Weather Forecast


Out-of-service Soo Lock slows shipping on Great Lakes

Spectators watch as the freighter Isa transits the Poe Lock in Sault Ste. Marie, Mich., last week, on its way to Lake Superior. The MacArthur Lock - in the foreground - is temporarily closed because one set of gates is not working properly. All ship traffic will be routed through the Poe Lock. (Andrew Krueger /

By Brady Slater

Forum News Service

When it comes to the shipping industry, "summer sailing" is the best sailing on the Great Lakes. Not yet braced for November's gales and free of spring's lingering ice, summer sailing finds the big ore boats and other vessels running at optimal speed.

But a shutdown this week of one of the two operating Soo Locks in Sault Ste. Marie, Mich., has slowed the industry when it least expected it.

"Summer sailing is when we're supposed to be making our best times of the year," said Glen Nekvasil, vice president of the Lake Carriers' Association that represents U.S.-flag vessels on the Great Lakes. "Now, we've got this; this is going to have significant impact on shipping over the next eight to 10 days."

The Detroit District of the U.S. Army Corps of Engineers announced the closing of the MacArthur Lock on Monday, leaving only the Poe Lock for traffic between Lake Superior and Lake Huron. One set of gates on the MacArthur Lock is not closing properly, the Corps said in a news release, estimating a minimum 10-day outage. The Corps will "dewater the lock so the cause can be determined," after which immediate repairs will commence.

The news hit the Great Lakes shipping industry like an unexpected punch.

"I don't remember, in my 41 years, it ever happening to close for this period of time during an operating season," said Jim Sharrow, director of port planning and resiliency for the Duluth Seaway Port Authority and a longtime former employee of the Duluth-based Great Lakes Fleet of ships.

The Soo Locks are among 16 locks on the St. Lawrence Seaway navigation system, extending from Duluth to the Atlantic Ocean.
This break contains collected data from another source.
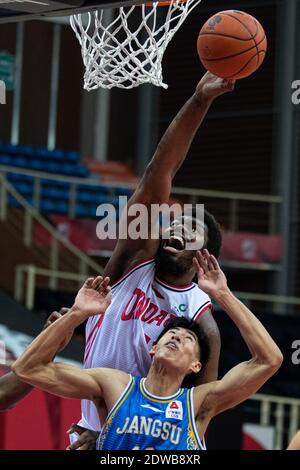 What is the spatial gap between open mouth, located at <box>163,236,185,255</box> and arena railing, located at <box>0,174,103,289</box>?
6.47 metres

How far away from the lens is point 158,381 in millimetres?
3959

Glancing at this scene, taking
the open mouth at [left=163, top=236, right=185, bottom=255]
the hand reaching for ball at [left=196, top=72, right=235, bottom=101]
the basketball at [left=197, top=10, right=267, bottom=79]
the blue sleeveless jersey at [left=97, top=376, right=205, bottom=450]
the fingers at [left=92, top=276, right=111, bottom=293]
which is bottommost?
the blue sleeveless jersey at [left=97, top=376, right=205, bottom=450]

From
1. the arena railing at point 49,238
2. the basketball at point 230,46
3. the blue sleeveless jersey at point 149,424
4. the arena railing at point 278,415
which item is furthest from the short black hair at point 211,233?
the arena railing at point 49,238

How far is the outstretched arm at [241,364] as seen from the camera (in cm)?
389

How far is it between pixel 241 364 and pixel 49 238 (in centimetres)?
742

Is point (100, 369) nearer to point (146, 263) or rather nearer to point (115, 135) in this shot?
point (146, 263)

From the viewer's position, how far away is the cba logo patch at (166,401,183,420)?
12.8 feet

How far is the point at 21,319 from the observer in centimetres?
861

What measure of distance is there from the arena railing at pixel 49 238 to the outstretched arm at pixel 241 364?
672cm

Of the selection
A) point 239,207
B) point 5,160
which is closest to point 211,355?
point 5,160

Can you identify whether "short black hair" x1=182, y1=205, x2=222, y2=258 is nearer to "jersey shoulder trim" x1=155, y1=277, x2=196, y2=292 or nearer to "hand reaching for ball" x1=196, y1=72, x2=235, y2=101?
"jersey shoulder trim" x1=155, y1=277, x2=196, y2=292

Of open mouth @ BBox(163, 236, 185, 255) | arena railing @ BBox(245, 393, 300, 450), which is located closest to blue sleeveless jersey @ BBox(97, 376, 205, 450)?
open mouth @ BBox(163, 236, 185, 255)

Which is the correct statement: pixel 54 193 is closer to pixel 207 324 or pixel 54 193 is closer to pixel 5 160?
pixel 5 160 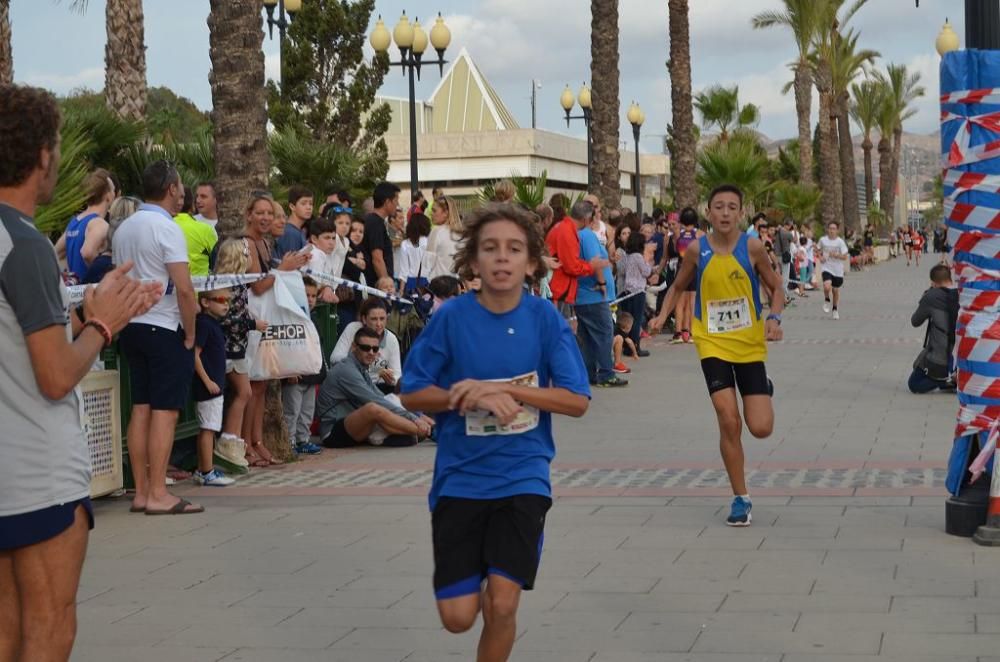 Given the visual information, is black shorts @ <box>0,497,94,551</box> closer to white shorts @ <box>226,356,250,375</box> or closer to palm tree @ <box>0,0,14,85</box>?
white shorts @ <box>226,356,250,375</box>

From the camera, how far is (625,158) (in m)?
84.3

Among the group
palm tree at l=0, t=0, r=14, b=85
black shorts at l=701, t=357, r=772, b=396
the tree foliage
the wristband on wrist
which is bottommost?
black shorts at l=701, t=357, r=772, b=396

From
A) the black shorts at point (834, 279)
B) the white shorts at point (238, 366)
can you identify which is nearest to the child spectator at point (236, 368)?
the white shorts at point (238, 366)

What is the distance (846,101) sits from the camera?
6731cm

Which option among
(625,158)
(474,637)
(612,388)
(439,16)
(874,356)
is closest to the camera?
(474,637)

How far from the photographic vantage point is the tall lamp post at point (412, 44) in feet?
79.8

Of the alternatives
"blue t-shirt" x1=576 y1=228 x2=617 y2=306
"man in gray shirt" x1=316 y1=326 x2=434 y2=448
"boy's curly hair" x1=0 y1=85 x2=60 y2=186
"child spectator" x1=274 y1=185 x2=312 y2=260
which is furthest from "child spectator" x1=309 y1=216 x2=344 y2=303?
"boy's curly hair" x1=0 y1=85 x2=60 y2=186

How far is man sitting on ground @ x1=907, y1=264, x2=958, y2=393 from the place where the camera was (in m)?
14.5

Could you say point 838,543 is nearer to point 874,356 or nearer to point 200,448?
point 200,448

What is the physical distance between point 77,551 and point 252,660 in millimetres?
1769

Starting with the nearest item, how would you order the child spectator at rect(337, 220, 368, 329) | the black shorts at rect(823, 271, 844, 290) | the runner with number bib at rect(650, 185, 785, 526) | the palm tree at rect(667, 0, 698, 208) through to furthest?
the runner with number bib at rect(650, 185, 785, 526) < the child spectator at rect(337, 220, 368, 329) < the black shorts at rect(823, 271, 844, 290) < the palm tree at rect(667, 0, 698, 208)

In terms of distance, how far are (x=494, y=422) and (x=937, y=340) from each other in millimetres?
11017

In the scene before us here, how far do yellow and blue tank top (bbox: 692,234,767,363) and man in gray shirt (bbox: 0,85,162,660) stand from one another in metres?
4.99

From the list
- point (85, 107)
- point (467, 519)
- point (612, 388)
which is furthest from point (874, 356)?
point (467, 519) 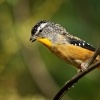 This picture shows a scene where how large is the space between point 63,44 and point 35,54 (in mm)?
1937

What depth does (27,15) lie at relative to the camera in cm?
773

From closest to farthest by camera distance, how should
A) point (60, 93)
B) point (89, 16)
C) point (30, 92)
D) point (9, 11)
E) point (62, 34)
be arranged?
point (60, 93), point (62, 34), point (30, 92), point (9, 11), point (89, 16)

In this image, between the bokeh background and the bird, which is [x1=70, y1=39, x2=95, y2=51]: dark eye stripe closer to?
the bird

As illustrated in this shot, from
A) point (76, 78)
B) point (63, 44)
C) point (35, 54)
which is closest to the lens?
point (76, 78)

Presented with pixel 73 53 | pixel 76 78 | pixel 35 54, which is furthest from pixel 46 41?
pixel 76 78

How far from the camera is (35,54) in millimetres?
7730

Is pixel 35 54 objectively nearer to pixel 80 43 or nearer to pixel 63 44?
pixel 63 44

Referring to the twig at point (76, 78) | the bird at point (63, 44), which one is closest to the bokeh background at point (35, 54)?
the bird at point (63, 44)

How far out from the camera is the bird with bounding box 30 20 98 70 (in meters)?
5.59

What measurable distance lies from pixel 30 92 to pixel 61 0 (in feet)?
5.45

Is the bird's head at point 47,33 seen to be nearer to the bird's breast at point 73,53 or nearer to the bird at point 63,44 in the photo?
the bird at point 63,44

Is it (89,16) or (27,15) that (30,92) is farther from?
(89,16)

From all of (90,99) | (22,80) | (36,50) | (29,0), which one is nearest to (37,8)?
(29,0)

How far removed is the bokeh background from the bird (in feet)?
3.50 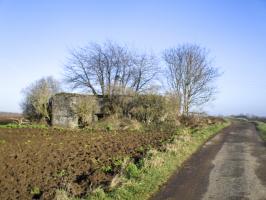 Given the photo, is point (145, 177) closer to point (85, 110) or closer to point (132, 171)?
point (132, 171)

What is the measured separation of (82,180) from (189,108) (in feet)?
130

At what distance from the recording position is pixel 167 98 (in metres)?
38.1

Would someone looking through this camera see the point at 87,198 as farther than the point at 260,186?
No

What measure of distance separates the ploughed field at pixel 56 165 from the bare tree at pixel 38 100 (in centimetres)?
1783

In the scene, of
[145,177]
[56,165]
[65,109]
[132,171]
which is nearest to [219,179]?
[145,177]

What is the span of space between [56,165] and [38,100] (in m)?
26.2

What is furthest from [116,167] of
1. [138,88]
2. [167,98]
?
[138,88]

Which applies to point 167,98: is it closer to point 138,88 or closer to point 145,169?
point 138,88

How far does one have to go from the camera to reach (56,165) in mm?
13500

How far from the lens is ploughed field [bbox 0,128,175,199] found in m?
10.1

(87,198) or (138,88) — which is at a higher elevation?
(138,88)

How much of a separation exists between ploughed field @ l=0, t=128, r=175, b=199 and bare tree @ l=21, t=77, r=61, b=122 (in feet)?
58.5

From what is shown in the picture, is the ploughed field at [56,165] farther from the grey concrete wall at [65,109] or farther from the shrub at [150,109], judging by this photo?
the shrub at [150,109]

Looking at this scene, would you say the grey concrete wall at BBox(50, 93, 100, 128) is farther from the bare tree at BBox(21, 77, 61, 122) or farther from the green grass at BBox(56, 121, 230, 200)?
the green grass at BBox(56, 121, 230, 200) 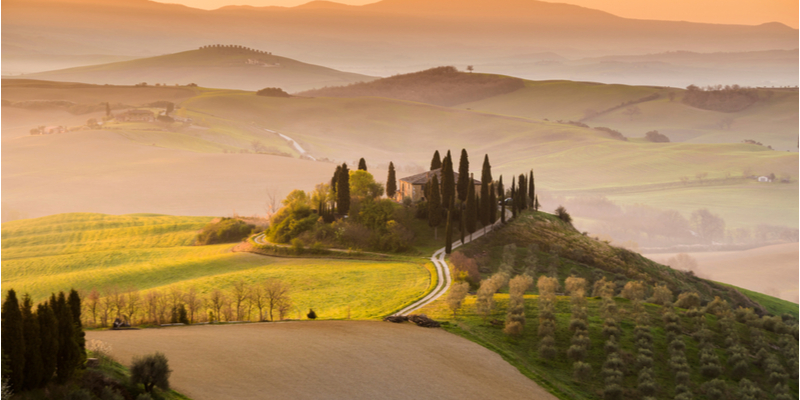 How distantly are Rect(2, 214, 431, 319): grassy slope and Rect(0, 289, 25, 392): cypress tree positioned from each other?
81.9 feet

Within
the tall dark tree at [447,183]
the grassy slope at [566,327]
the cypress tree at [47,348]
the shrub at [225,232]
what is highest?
the tall dark tree at [447,183]

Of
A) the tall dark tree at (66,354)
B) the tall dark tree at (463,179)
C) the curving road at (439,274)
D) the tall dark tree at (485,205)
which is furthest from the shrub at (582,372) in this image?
the tall dark tree at (463,179)

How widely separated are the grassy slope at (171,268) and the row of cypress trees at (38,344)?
23044 millimetres

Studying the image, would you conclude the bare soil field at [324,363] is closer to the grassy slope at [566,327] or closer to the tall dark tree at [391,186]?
the grassy slope at [566,327]

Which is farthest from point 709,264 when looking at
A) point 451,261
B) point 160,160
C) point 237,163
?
point 160,160

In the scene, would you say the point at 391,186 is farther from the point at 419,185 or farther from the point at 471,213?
the point at 471,213

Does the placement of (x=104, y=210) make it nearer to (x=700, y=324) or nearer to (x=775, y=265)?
(x=700, y=324)

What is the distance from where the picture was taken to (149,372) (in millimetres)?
22250

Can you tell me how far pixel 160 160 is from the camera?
191375mm

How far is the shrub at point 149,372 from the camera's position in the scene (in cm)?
2222

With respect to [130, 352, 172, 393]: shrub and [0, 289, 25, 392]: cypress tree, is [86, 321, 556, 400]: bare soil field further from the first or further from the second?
[0, 289, 25, 392]: cypress tree

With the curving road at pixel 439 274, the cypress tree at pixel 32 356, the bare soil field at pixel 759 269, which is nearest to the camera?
the cypress tree at pixel 32 356

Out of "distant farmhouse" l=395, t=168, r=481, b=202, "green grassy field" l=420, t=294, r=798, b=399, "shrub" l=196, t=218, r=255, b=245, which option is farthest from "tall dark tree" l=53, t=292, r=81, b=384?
"shrub" l=196, t=218, r=255, b=245

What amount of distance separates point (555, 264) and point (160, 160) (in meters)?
162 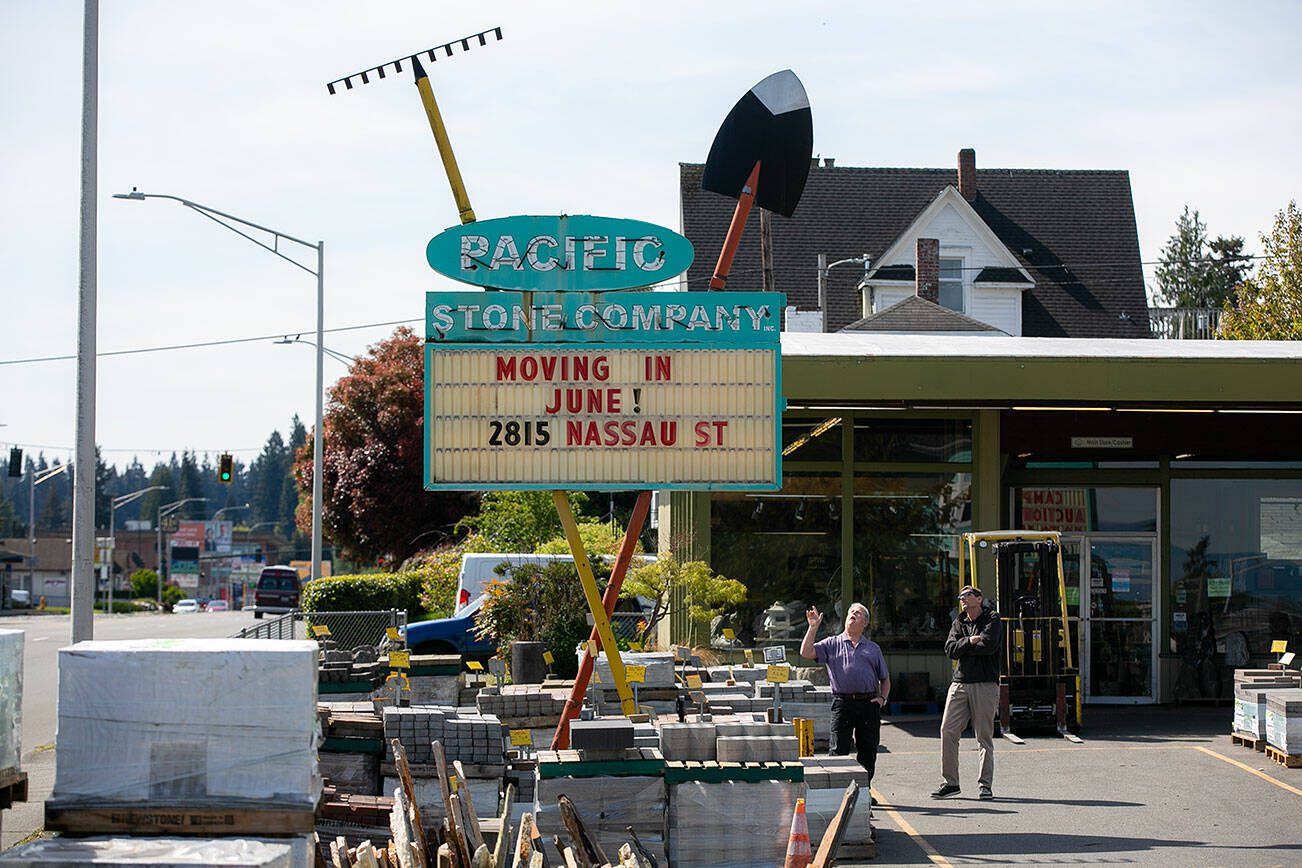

It could be worse, Sharrow said, explaining the MacArthur Lock only serves ships with a maximum size of 730 feet long and 76 feet wide. Anything larger, such as the 1,000-footers common in the industry today, must use the Poe Lock. With the 72-year-old MacArthur Lock down, the worst that can happen is congestion as all ships are rerouted through the Poe Lock.

If it were the 47-year-old Poe Lock that was down, "there would be an immediate and very negative effect on the shipping industry in general and all of the industries that depend on these ships," Sharrow said.

The prospect of losing the Poe Lock and the resulting blow to the economy came up during a congressional delegation's visit to the Soo Locks in July.

Rep. Rick Nolan of Minnesota and Rep. Dan Benishek of Michigan visited the locks for a weekend late in the month. The Minnesota Democrat and Michigan Republican are seeking bipartisan support in Congress to fund another lock similar to the Poe.

Their visit to the locks coincided with letters they wrote to the federal Office of Management and Budget, seeking to fund an impact study that would help fast-track the replacement of the Soo Locks' Davis and Sabin locks that are no longer operational.

In his letter soliciting approval of funding for the study, Nolan wrote: "A failure at the Soo Locks would devastate America's steel, auto and other manufacturing industries that rely on Iron Range taconite."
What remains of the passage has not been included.